■ Required work ■
Print the whole listing again exactly, keeping no pictures in it.

■ Provided data ■
== Segment start ==

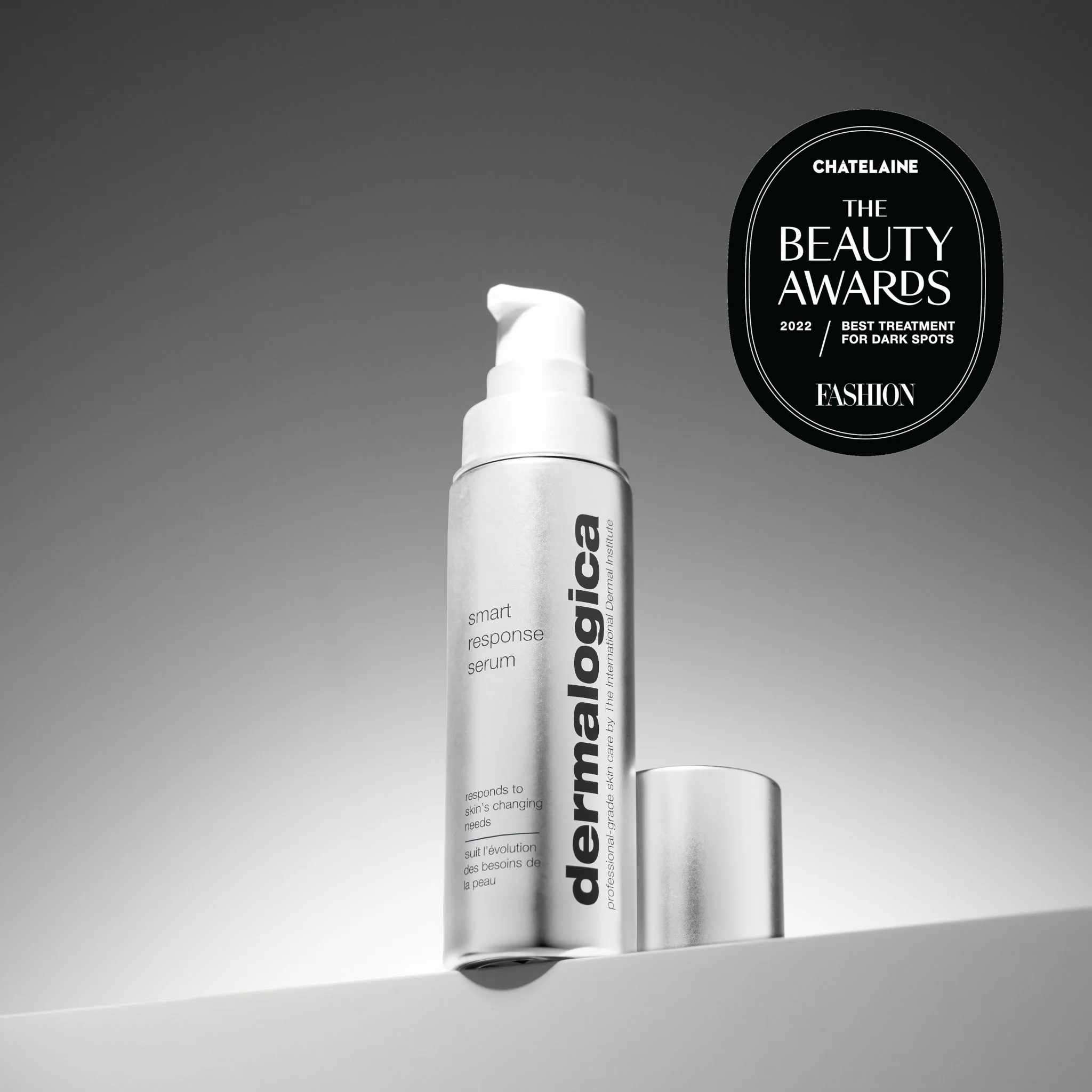 smart response serum jumbo - Image 3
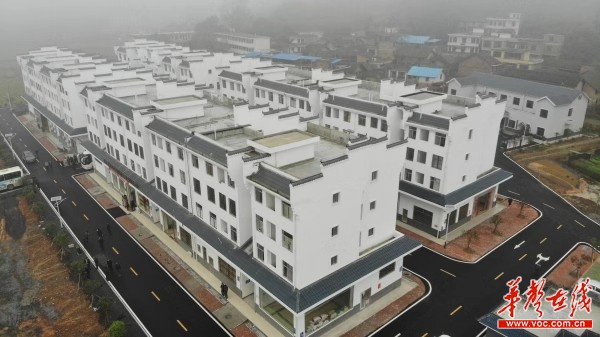 �����ʷ�ؚ �l(xi��ng)�����d��Ų�F�C�ظ�· �R�Ř��l(xi��ng)���������¡�����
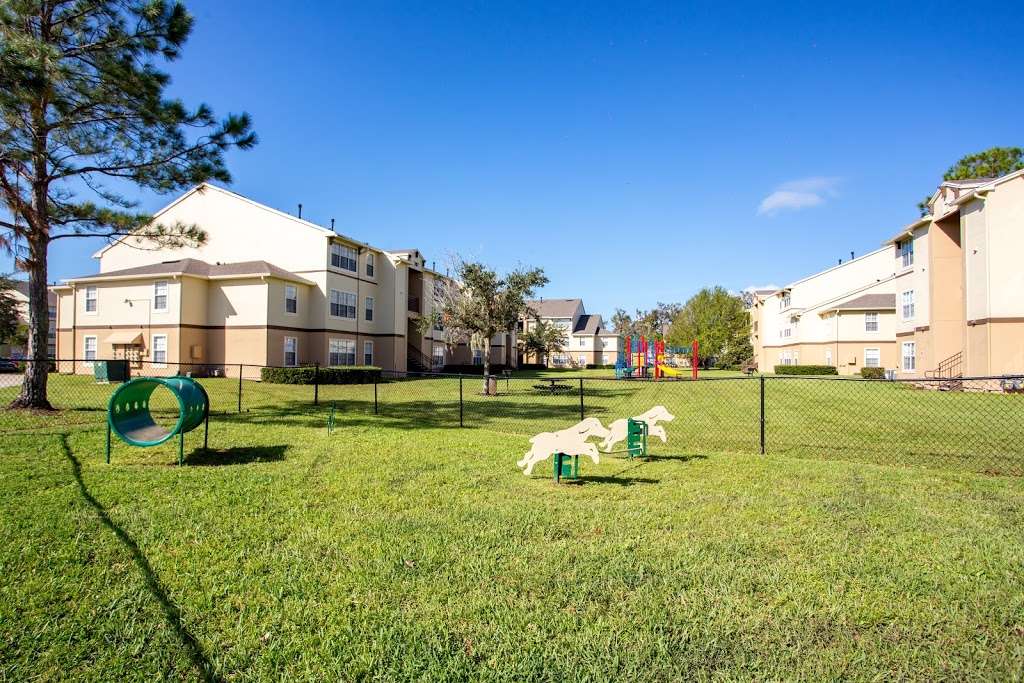 Vista Haven Apartment Homes | 4100 Geranium Ln, Sanford, FL 32771, USA | Phone: (407) 543-0179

== Segment end ==

■ Response to this exercise ■
 smart response serum jumbo - Image 3
 �����ʷ�ؚ �l(xi��ng)�����d��Ų�F�C�ظ�· �R�Ř��l(xi��ng)���������¡�����
 Vista Haven Apartment Homes | 4100 Geranium Ln, Sanford, FL 32771, USA | Phone: (407) 543-0179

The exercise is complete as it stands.